- Born: September 15, 1969 (age 56) Ann Arbor, Michigan, U.S.
- Occupation: Journalist
- Notable credit: 2005: Pulitzer Prize-winner
- Website: https://garethcook.net

= Gareth Cook =

American journalist and editor

Gareth G. Cook (born September 15, 1969) is an American journalist and book editor. He was awarded a Pulitzer Prize in 2005 for "explaining, with clarity and humanity, the complex scientific and ethical dimensions of stem cell research." He is the founder and Editor in Chief of the Verto Literary Group, "an editorial consulting studio that works with authors, agents, and publishers to bring important stories and ideas to life," and several of their projects have been New York Times bestsellers. Cook was a contributing writer for The New York Times Magazine, the series editor of The Best American Infographics and the editor of Mind Matters, Scientific American's neuroscience blog. His writing has appeared in The New York Times Magazine, The Boston Globe, Wired, and Scientific American.

==Career==
Cook graduated from Brown University in 1991 with degrees in Mathematical Physics and International Relations. He was an assistant editor at Foreign Policy, a scholarly journal based in Washington, DC. He then worked as a reporter at U.S. News & World Report, and then as an editor at the Washington Monthly. He was the news editor of the alternative weekly The Boston Phoenix from 1996 to 1999.
In 1999, he started at The Boston Globe, and worked for seven years as the paper's science reporter, covering a variety of topics, including biology, physics, paleontology, archeology, the role of women in science and scientific fraud. He was one of the founders of The Boston Globes Ideas section, and then served as its editor from 2007 to 2011. He is now a freelance editor.

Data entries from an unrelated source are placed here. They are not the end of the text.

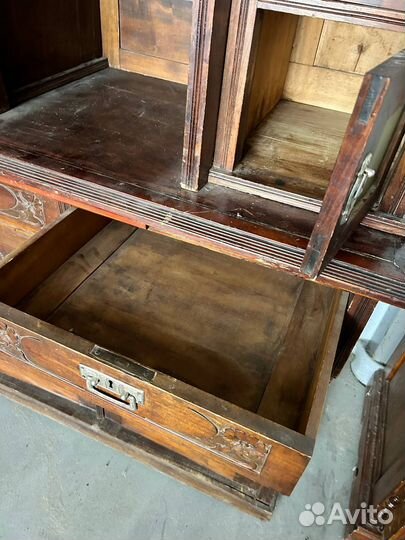 Старинный антикварный шкаф буфет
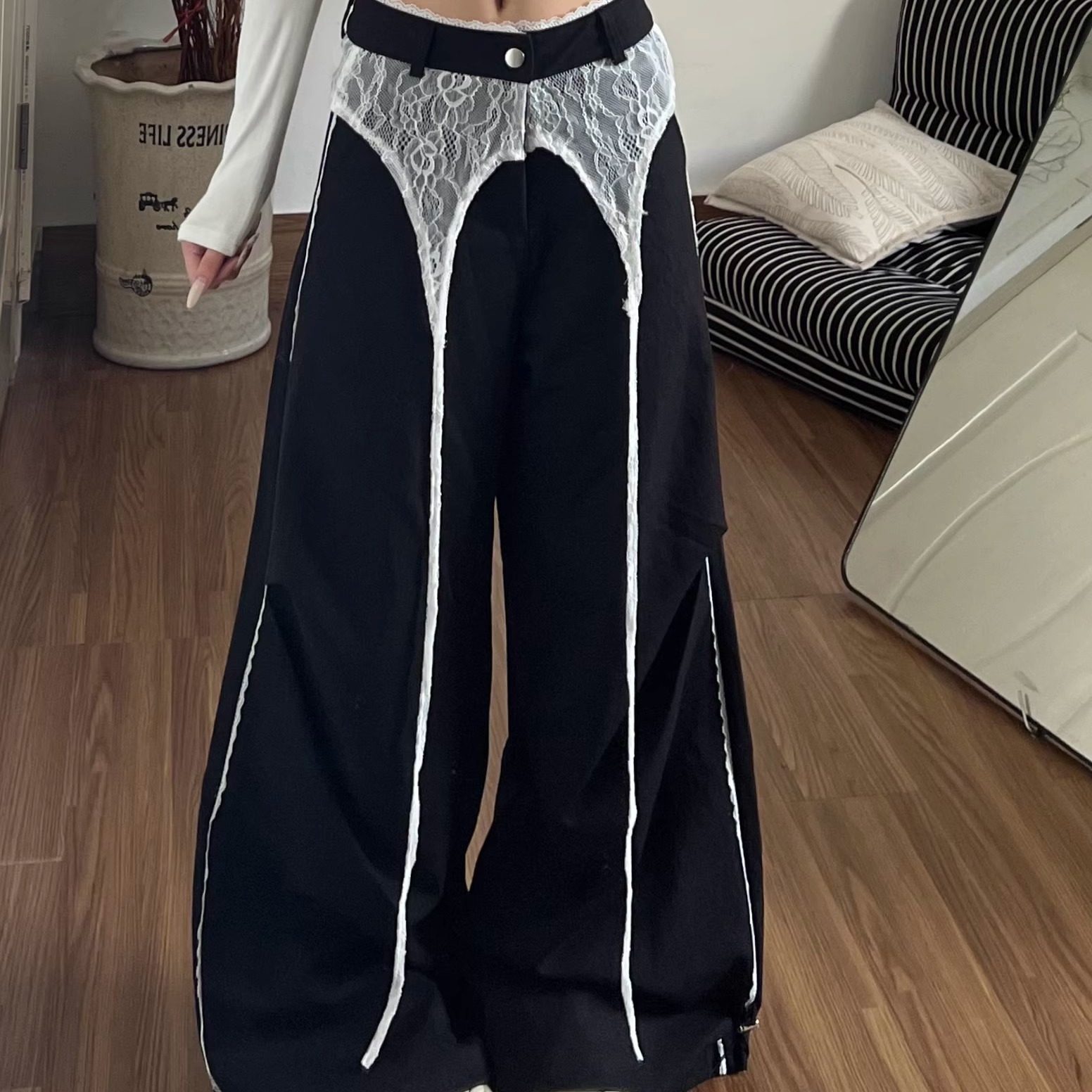 黑色女装爆款工装裤2025新款秋蕾丝阔腿设计感学院风松驰休闲裤子,女装/女士精品,休闲裤,淘宝优惠券,粉丝福利购,淘宝优惠卷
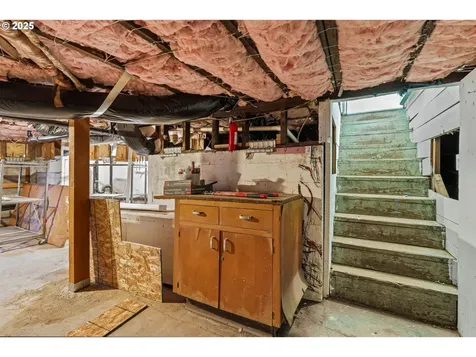 1010 Monroe Street Eugene OR 97402
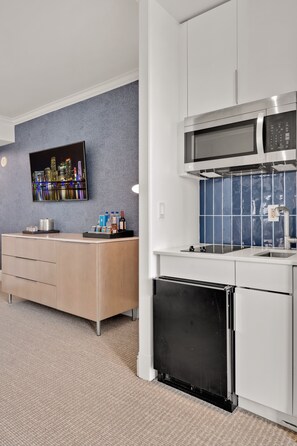 Fridge, microwave, stovetop, coffee/tea maker - Tresor Junior Suite South View Fontainebleau (Miami Beach)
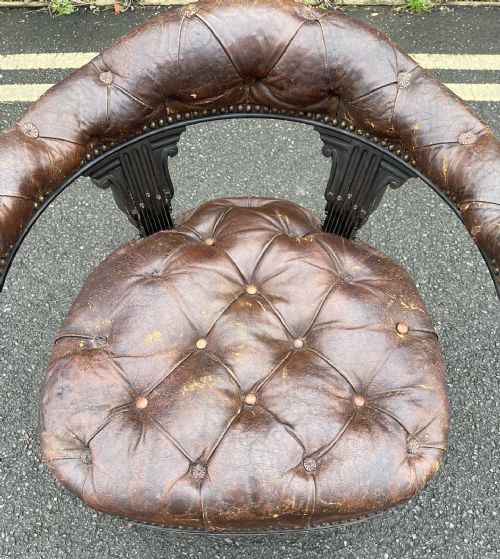 NINETEENTH CENTURY LEATHER DESK CHAIR - ADDITIONAL PHOTO 4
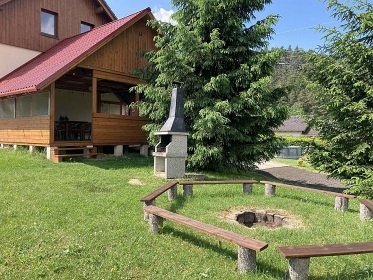 Chalupa s baz�nem �esk� r�j - Kloko�sk� sk�ly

His stories have twice appeared in Best American Science and Nature Writing: "The Autism Advantage," from the New York Times Magazine, and “Untangling the Mystery of the Inca,” from Wired. He wrote a story arguing that Japan did not surrender at the end of World War II because of the atomic bomb.

==Awards==
- Pulitzer Prize (2005)
- National Academies Communication Award (2005)
- Woods Hole Oceanographic Institution Ocean Science Journalism Award (2005)

==Personal life==
He lives in Jamaica Plain, Mass., with his wife, Amanda, and his two sons, Aidan and Oliver.
In 2003 he revealed that he is dyslexic.